** PROBLEM **
Give a verbatim copy of the data, leaving the pictures out.

Short descriptive text snippets:
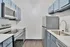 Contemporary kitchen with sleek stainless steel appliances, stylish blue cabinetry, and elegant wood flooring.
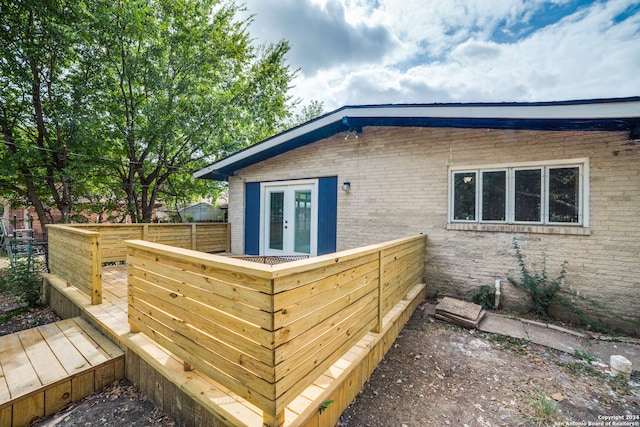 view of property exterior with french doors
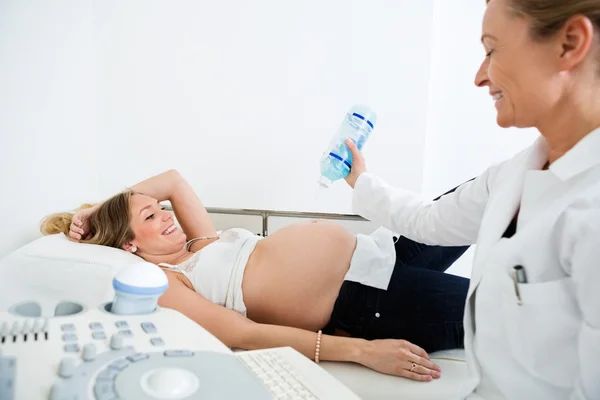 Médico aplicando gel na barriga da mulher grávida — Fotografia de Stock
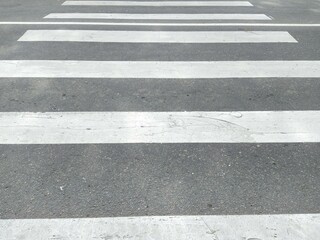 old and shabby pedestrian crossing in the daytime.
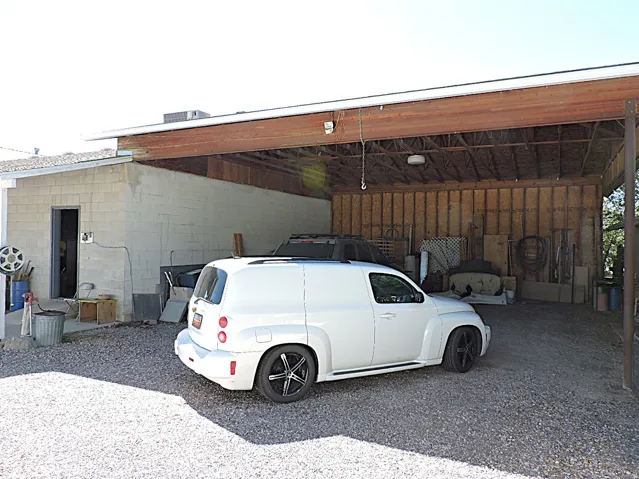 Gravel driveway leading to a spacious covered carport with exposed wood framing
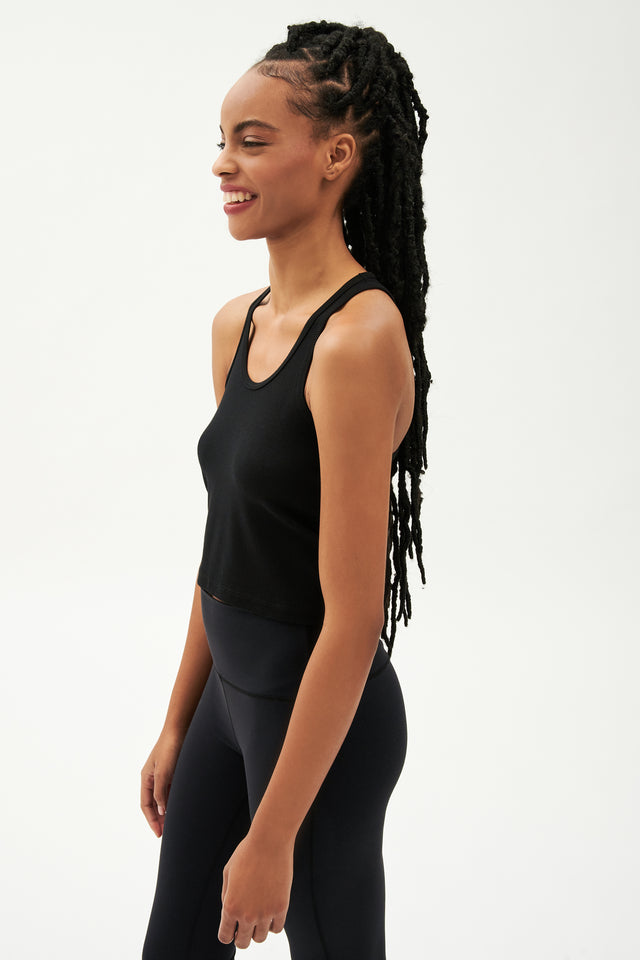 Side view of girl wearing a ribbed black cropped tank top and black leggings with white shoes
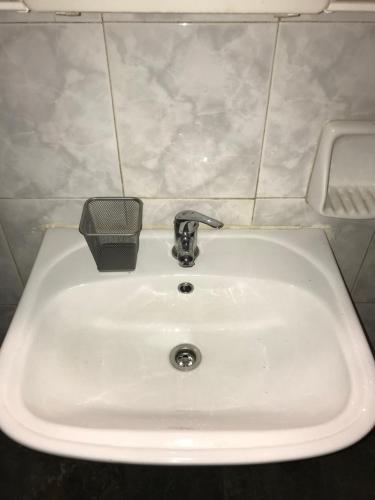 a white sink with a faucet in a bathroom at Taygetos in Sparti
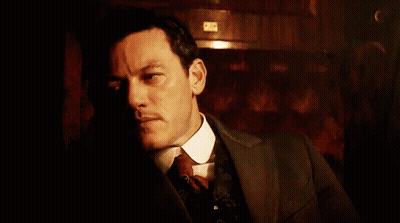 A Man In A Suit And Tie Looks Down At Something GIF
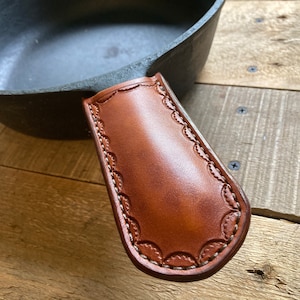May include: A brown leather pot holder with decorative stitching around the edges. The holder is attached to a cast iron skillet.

** TASK RESULT **
 Contemporary kitchen with sleek stainless steel appliances, stylish blue cabinetry, and elegant wood flooring.
 view of property exterior with french doors
 Médico aplicando gel na barriga da mulher grávida — Fotografia de Stock
 old and shabby pedestrian crossing in the daytime.
 Gravel driveway leading to a spacious covered carport with exposed wood framing
 Side view of girl wearing a ribbed black cropped tank top and black leggings with white shoes
 a white sink with a faucet in a bathroom at Taygetos in Sparti
 A Man In A Suit And Tie Looks Down At Something GIF
May include: A brown leather pot holder with decorative stitching around the edges. The holder is attached to a cast iron skillet.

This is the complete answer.